[News] When Were They Radicalized? That’s Not the Right Question!
Anti-Imperialist News
news at freedomarchives.org
Wed Dec 9 11:19:19 EST 2015
December 9, 2015
When Were They Radicalized? That’s Not the Right Question!
<http://www.counterpunch.org/2015/12/09/when-were-they-radicalized-thats-not-the-right-question/>
by Rev. Graylan Scott Hagler
<http://www.counterpunch.org/author/revhag0987/>
*http://www.counterpunch.org/2015/12/09/when-were-they-radicalized-thats-not-the-right-question/*
The big question these days dominating the airwaves is when were Syed
Farook and Tasheen Malik radicalized; or who radicalized them; and how
were they radicalized? This question is a perplexing one because it
assumes that without outside influence everything would be all right and
that there are no valid grievances, or anger, and no desire for revenge
or justice no matter how misguided those desires might be manifested.
This is a strange line of query because it presupposes that without
external forces radicalization would be impossible. This line of
questioning illustrates a blind patriotism of empire proportion that
believes that anyone upset and acting out is either demented or have
fallen under the influences of a political/religious ideology that
exploits the weak minded or the mentally deranged. To even ask the
question is to make the assumption that everything is ok around us and
in our world and would be regarded as such if it were not for outside
influences. But this perspective has a tendency to ignore the realities
of what so many people live under and have to endure daily. It is often
from personal experiences, relationships with those impacted by what
most of us don’t see or care about are the radicalizing factors. The
present queries act as if there are no valid grievances, no real anger,
and as if there is innocence on the part of the powerful, the US and
others. But this is not the way that peoples of the Middle East, North
Africa and Asia see the US or the West.
The US and its partners have been at war for more than 14 years in
Afghanistan. The US began an unprovoked and preemptive war in Iraq in
2003 and virtually destroyed the country where today ISIL is filling
part of the vacuum created by that war, and the President of Afghanistan
literally is presiding over nothing but the capital city of that
country, Kabul. The US under the cry of removing President Bashar Hafez
al-Assad in Syria by helping to orchestrate and sustain a civil war has
created a displacement crisis of epic proportion and caused the deaths
of more than 250,000 people. Conditions in many countries have worsened
under the wars and the remaking of the Middle East and North Africa in
the West’s image. Our continual military support of Israel against
Palestinians challenges the view that everything is ok without the
influences of “outside agitators” radicalizing people and calling them
to arms. According to Ha’aretz
<http://www.haaretz.com/israel-news/.premium-1.611001>_,_ an Israeli
newspaper, in an August 2014 report it states concerning military aid to
Israel,
“Since it began in 1962, American military aid to Israel has
amounted to nearly $100 billion. For the past decades The United
States has been regularly transferring aid of about $3 billion
annually. In recent years, the aid has been solely for defense
purposes. Additionally, The US has been giving Israel generous
military aid for projects important both to it and Israel.”

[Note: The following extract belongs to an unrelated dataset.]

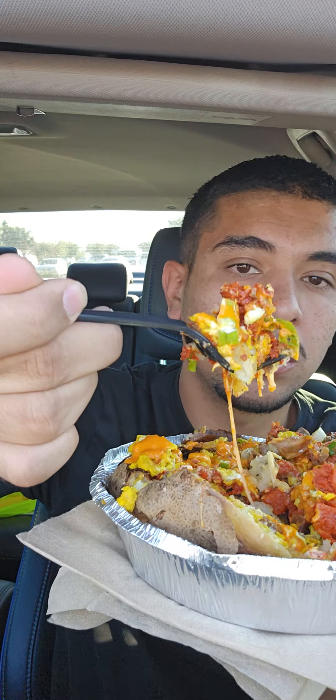The green salsa is just okay, not my favorite. This orange salsa is really good — really, really good. Look at that bite with the orange salsa in there.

Even in light of Israel’s continued human rights violation Prime
Minister Benjamin Netanyahu in November 2015 traveled to Washington, DC
to request an increase to the amount of aid his country receives from
the US.
Then there is also the US drone program designed to make killing more
antiseptic and distant. However in a 2013 speech before the National
Defense University President Obama said, “It is a hard fact that US
strikes have resulted in civilian casualties.”
He did not go on to cite numbers or further details, yet Micah Zenko, a
scholar at the Council on Foreign Relations and lead author of a 2013
study of drones, is quoted in an April 23, 2015 /New York Times
<http://www.nytimes.com/2015/04/24/world/asia/drone-strikes-reveal-uncomfortable-truth-us-is-often-unsure-about-who-will-die.html?_r=0>/
article on drone strikes, in reference to the President’s 2013
comments, “Most individuals killed are not on a kill list, and the
government does not know their names.”
The program has not been as clean as government leaders would have liked
for us to think. Or lastly among many examples, a November 2014 article
in the Guardian
<http://www.theguardian.com/us-news/2014/nov/24/-sp-us-drone-strikes-kill-1147>
cites:
“A new analysis of the data available to the public about drone
strikes, conducted by the human-rights group Reprieve, indicates
that even when operators target specific individuals – the most
focused effort of what Barack Obama calls “targeted killing” – they
kill vastly more people than their targets, often needing to strike
multiple times. Attempts to kill 41 men resulted in the deaths of an
estimated 1,147 people…”
The assumption that “radicalization” is not based in some reality is an
empire or White supremacist notion where everything is ok save for those
rabble-rousers, outside agitators, and purveyors of hatred. Again I am
reminded every time I hear some newsperson or some pundit drone on
(excuse the pun) about when, how and who did the radicalization about J.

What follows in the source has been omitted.